Bug or feature? DISTINCT ignored in the initial select of a WITH clause

(1.1) By Dario from Italy (dario_italy) on 2020-09-16 21:55:22 edited from 1.0 [source]

Hello.

I am working with sqlite 3.33.0 and I have observed the same behavior with all previous releases I’ve tested.

Consider this table:

    CREATE TABLE t (label TEXT, step INTEGER);
    INSERT INTO T VALUES('a', 1);
    INSERT INTO T VALUES('a', 1);
    INSERT INTO T VALUES('b', 1);

I want each distinct row to produce copies with increasing step values, like this:

    a|1
    b|1
    a|2
    b|2
    a|3
    b|3

so I’ve tried the following:

    WITH RECURSIVE cte(label, step) AS (
        SELECT DISTINCT * FROM t 
      UNION ALL 
        SELECT label, step + 1 FROM cte WHERE step < 3
    ) SELECT * FROM cte;

but I’ve got duplicated rows:

    a|1
    a|1
    b|1
    a|2
    a|2
    b|2
    a|3
    a|3
    b|3

In short, the DISTINCT keyword is ignored in this context.

Of course, it is easy to get the intended result, either using the less efficient UNION instead of UNION ALL to weed out the duplicates after they have been produced, or defining a view, which works:

    CREATE VIEW t_distinct AS SELECT DISTINCT * FROM t;
    WITH RECURSIVE cte(label, step) AS (
        SELECT * FROM t_distinct
      UNION ALL
        SELECT label, step + 1 FROM cte WHERE step < 3
    ) SELECT * FROM cte;

a|1
b|1
a|2
b|2
a|3
b|3

Even

    WITH RECURSIVE CTE(label, step) AS (
        SELECT * FROM (SELECT DISTINCT * FROM t)
      UNION ALL
        SELECT label, step + 1 FROM cte WHERE step < 3
    ) SELECT * FROM cte;

works, so the unexpected behavior is not really a problem.

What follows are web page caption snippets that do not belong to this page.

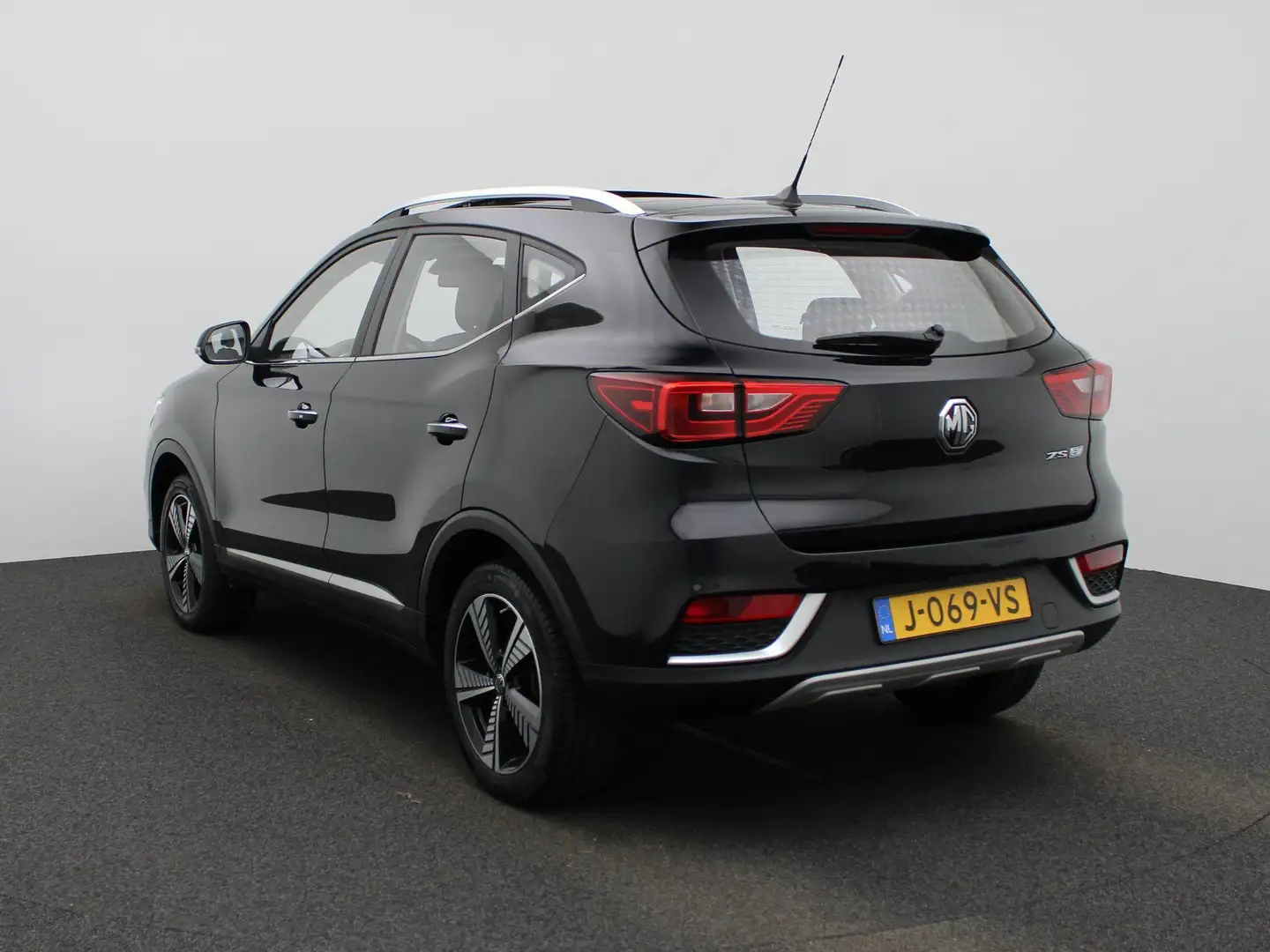 MG ZS MG EV Luxury 45 kWh | Pano | Apple Carplay/Android Zwart - 2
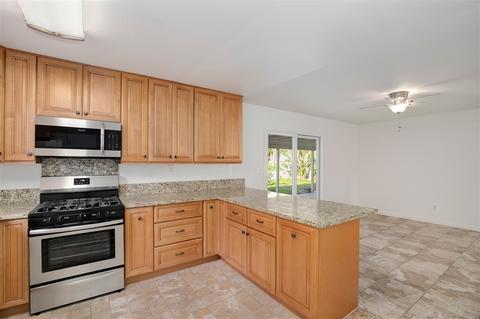 3914 Celeste Dr, Oceanside, CA 92056 photo 6
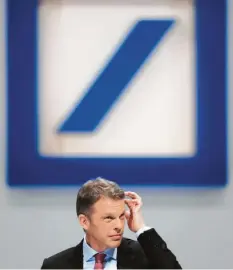  ?? Foto: Arne Dedert, dpa ?? Christian Sewing ist seit einem Jahr Chef der Deutschen Bank. Zuvor verantwort­ete er das Privatkund­engeschäft des Geldhauses.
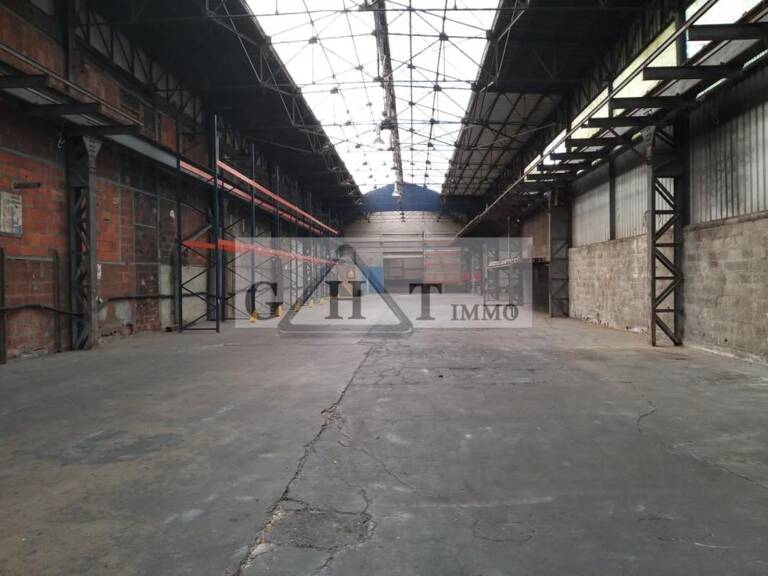 ENTREPÔT-BUREAUX À VENDRE SUR POMMEUSE — photo 1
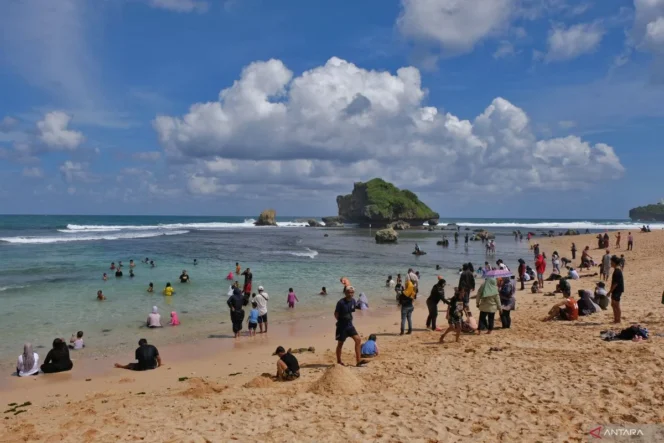 
					Pemkab Gunungkidul Evaluasi Menyeluruh Sektor Pariwisata Pasca Lonjakan Kunjungan Libur Panjang Idul Adha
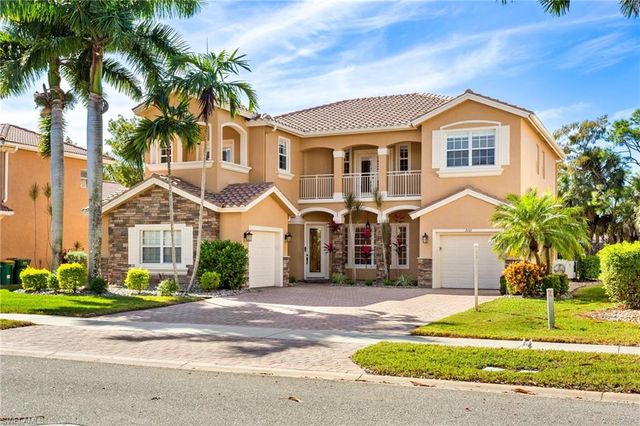 2135 Par DR, Naples, FL 34120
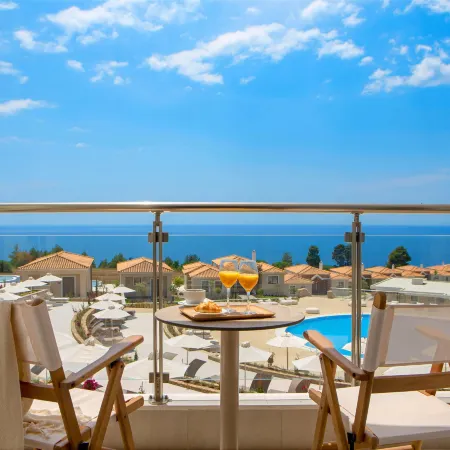 Zeus Eleva Ajul, a Registry Collection Hotel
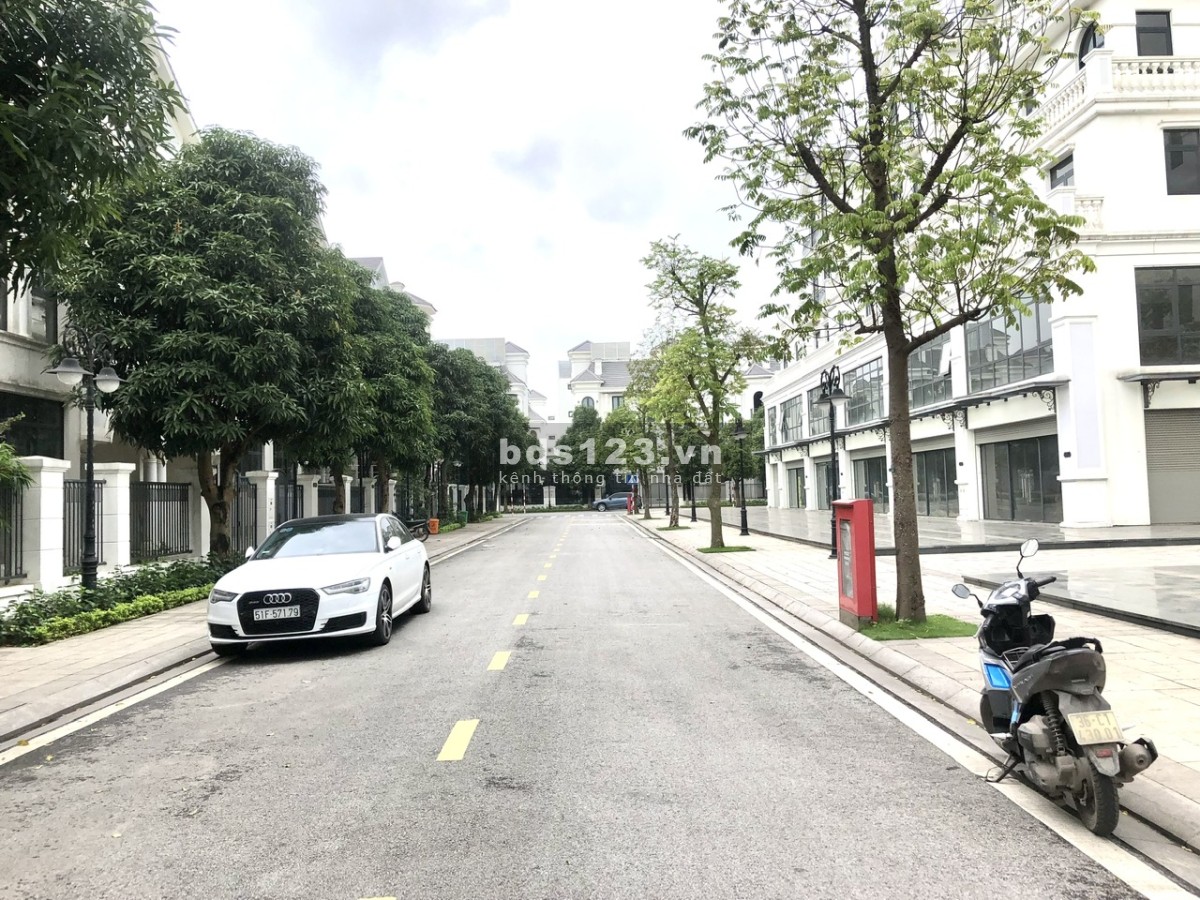 Liền kề Sao Biển xây 70m2/sàn, đường thông gần Biển, giá 1x tỷ Vin Gia Lâm (0985941715)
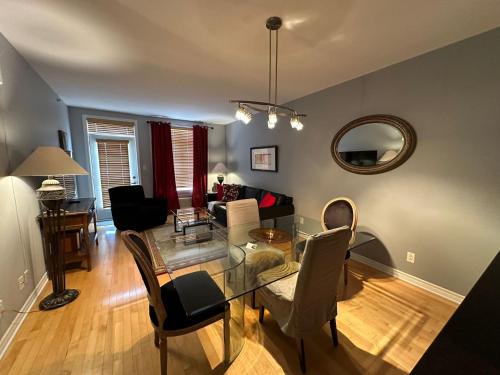 Quartier des Spectacles Apartment | ApartHotelMontreal by Les Terrasses Saint Urbain 2225I2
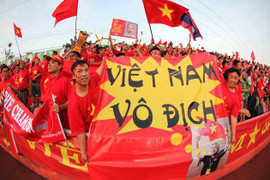 Hàng trăm CĐV tập 'thổi lửa' cho U19 Việt Nam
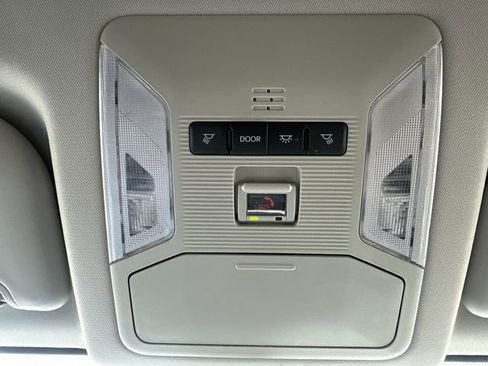 Certified 2025 Toyota RAV4 LE AWD/4WD image 45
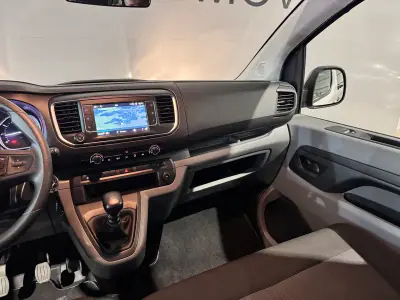 Opel Vivaro 2022 - 32900 EUR, 20415 km - AUTO.MOTO.pt - 20415km - foto 14 de 50
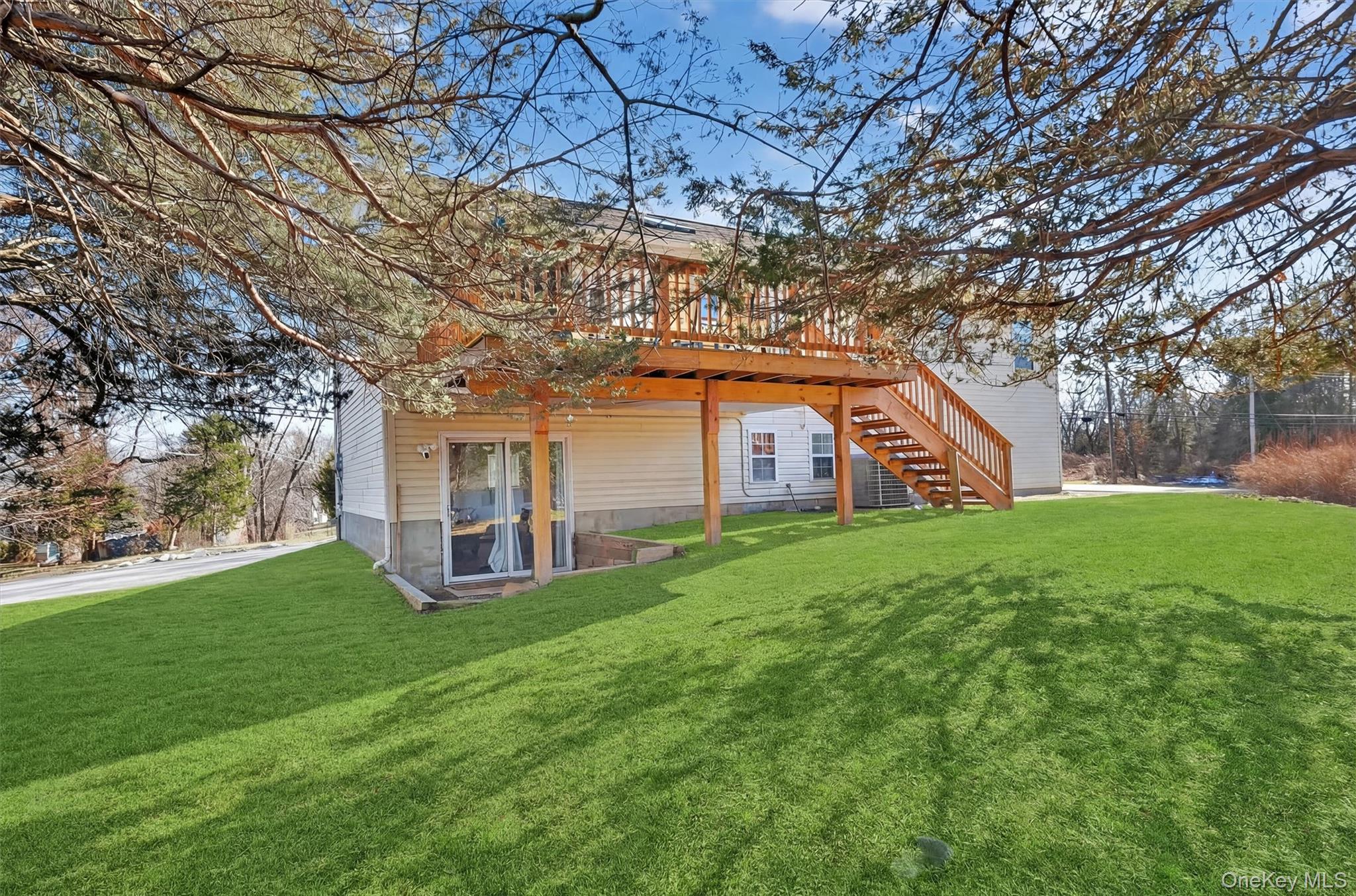 13 Timberline Drive, Poughkeepsie, NY 12603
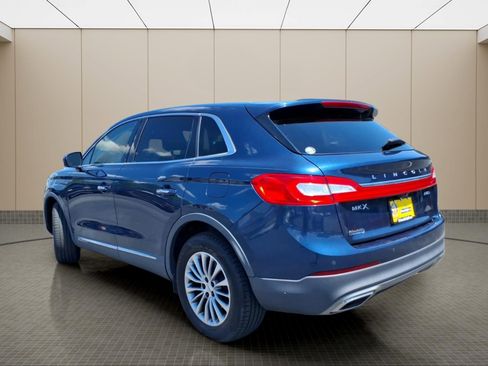 Used 2017 Lincoln MKX Select w/ MKX Climate Package AWD/4WD image 9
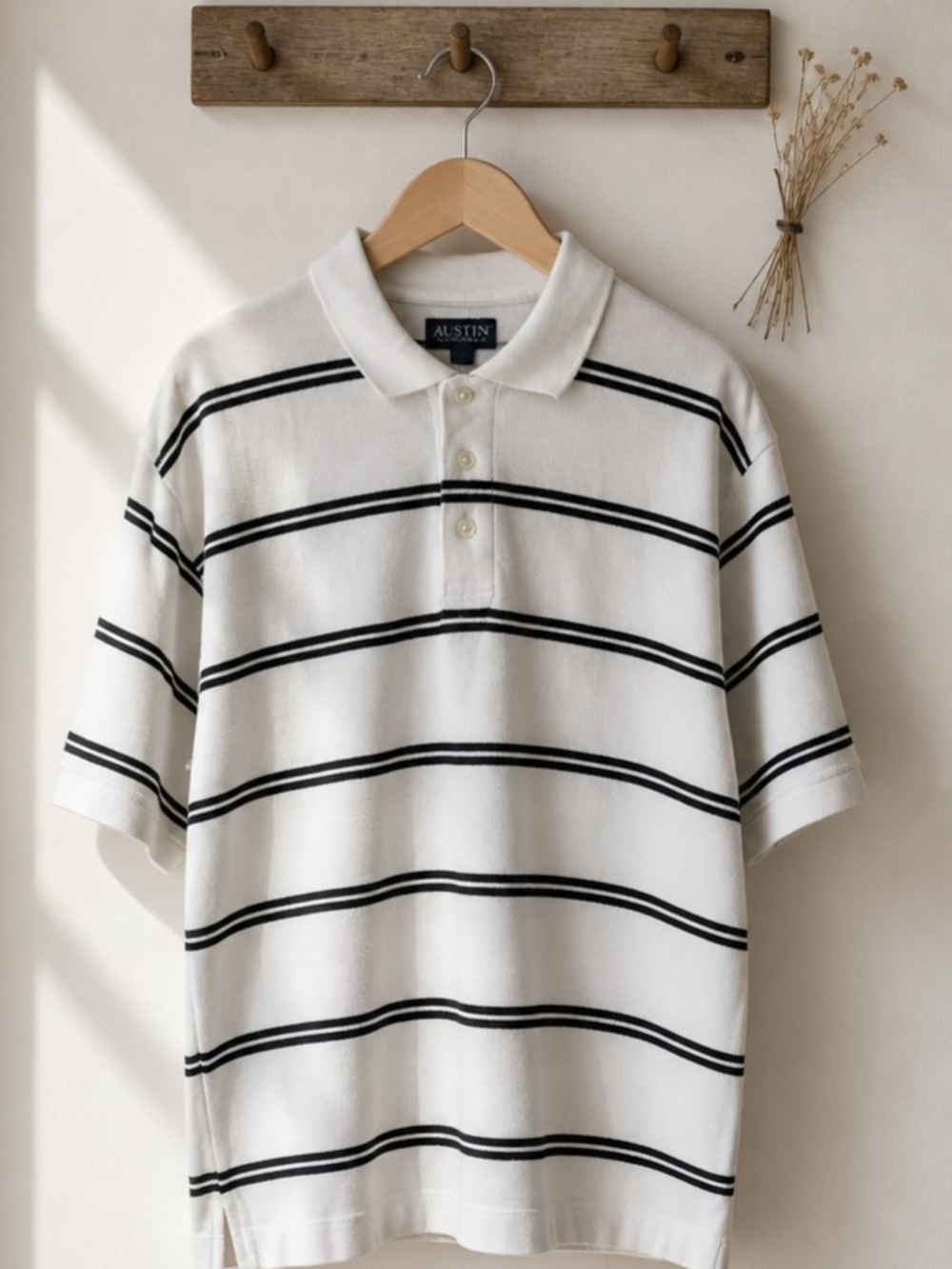 Austin Clothing Co. White Polo with Black Horizontal Stripes Size XXL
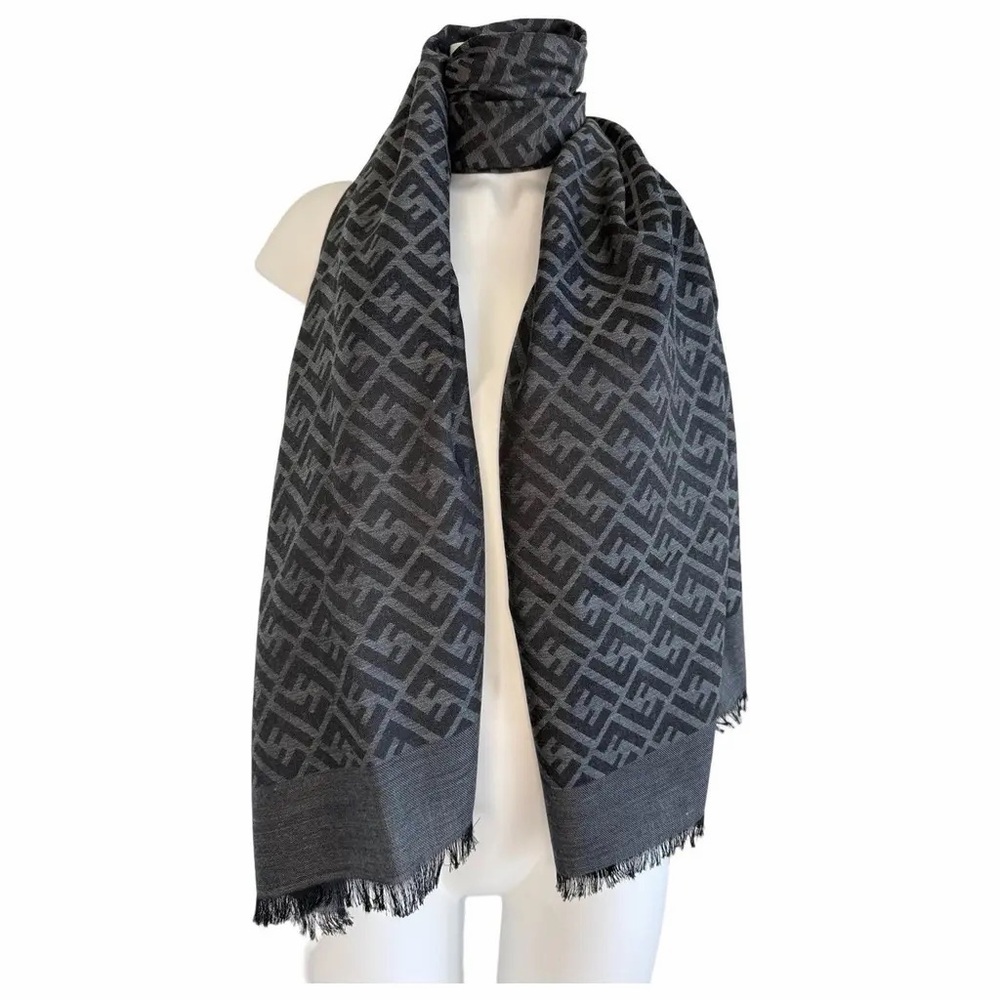 FENDI Rectangular Scarf in Grey & Black Motif - I wore once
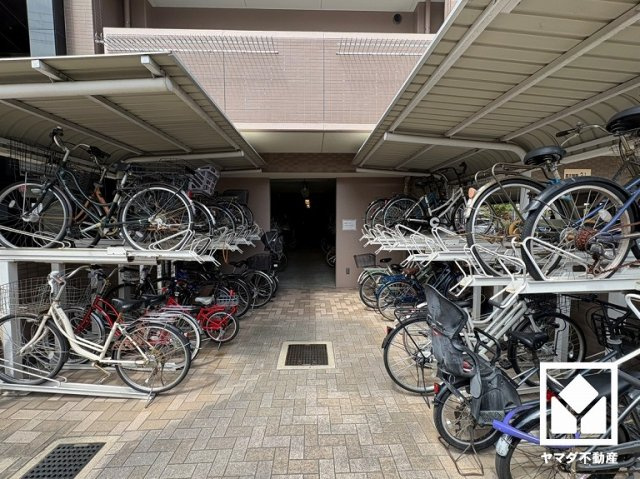 屋根付きなので、雨や風、直射日光から自転車を守ることができます。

However, I‘ve run the above code on PostgreSQL and I’ve got the intended results, and, as I understand the SQLite docs, SQLite shouldn’t ignore the DISTINCT keyword either.

A minimal intervention would be to write in the docs that SELECT DISTINCT is not supported as the initial SELECT of a WITH RECURSIVE query, and add this to the list of differences with other RDBMS and unimplemented parts of the standard.

Another option would be to raise an error to keep the unsuspecting user from running code which would yield non-standard results.

However, the best option would be to implement SELECT DISTINCT in this context too.

What do you think?

(2) By Keith Medcalf (kmedcalf) on 2020-09-16 22:48:42 in reply to 1.1 [link] [source]

Fascinating. The current trunk also displays this behaviour.

Note that if you use the following it works correctly (which is basically what the DISTINCT keyword should do):

WITH RECURSIVE cte(label, step) AS (
   SELECT * FROM t GROUP BY 1, 2
 UNION ALL 
   SELECT label, step + 1 FROM cte WHERE step < 3
)
SELECT * FROM cte;

I should think this should either be fixed or documented.

(3) By Richard Hipp (drh) on 2020-09-17 00:01:25 in reply to 1.1 [link] [source]

See ticket c51489c3b8f919c5

(4) By Dario from Italy (dario_italy) on 2020-09-17 02:47:19 in reply to 3 [link] [source]

Wow!

Already fixed!

Thank you very much for your attention. Keep up the excellent work!